Brief
What you return must match the listing below exactly, minus any pictures.

Data
BEGIN
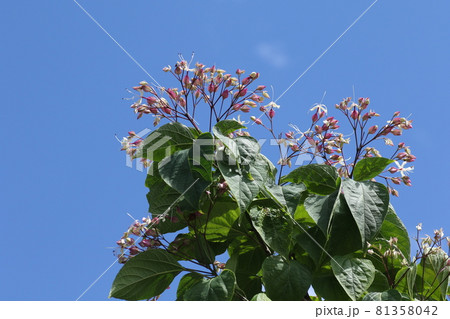 暑い夏、次々と紫と白の花を咲かせる、クサギ 81358042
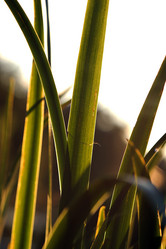 Similar image 1777808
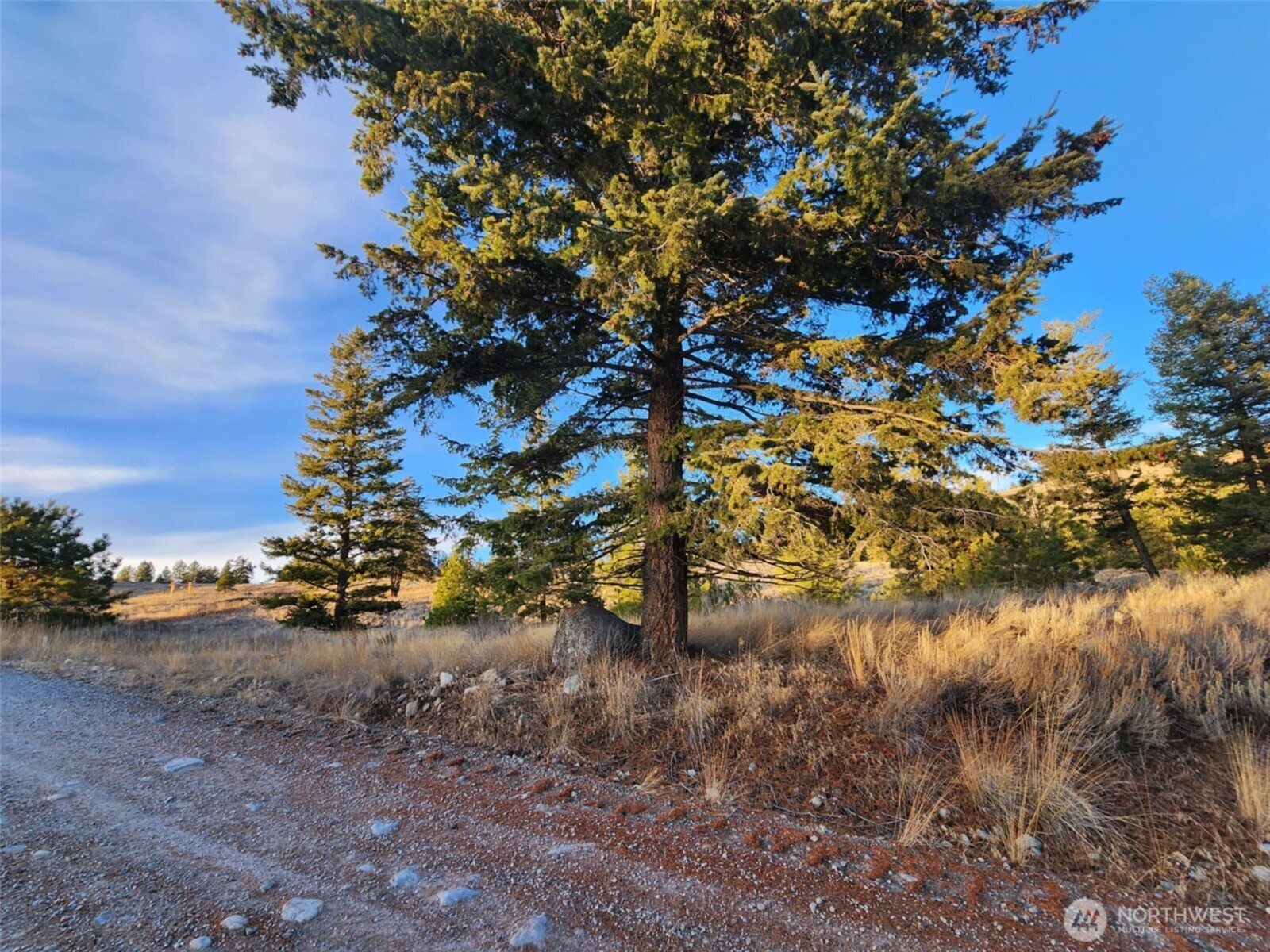 0 Blue Grouse (Div 5, Lot 42) , Oroville, WA 98844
END
Result of this exercise
 暑い夏、次々と紫と白の花を咲かせる、クサギ 81358042
 Similar image 1777808
 0 Blue Grouse (Div 5, Lot 42) , Oroville, WA 98844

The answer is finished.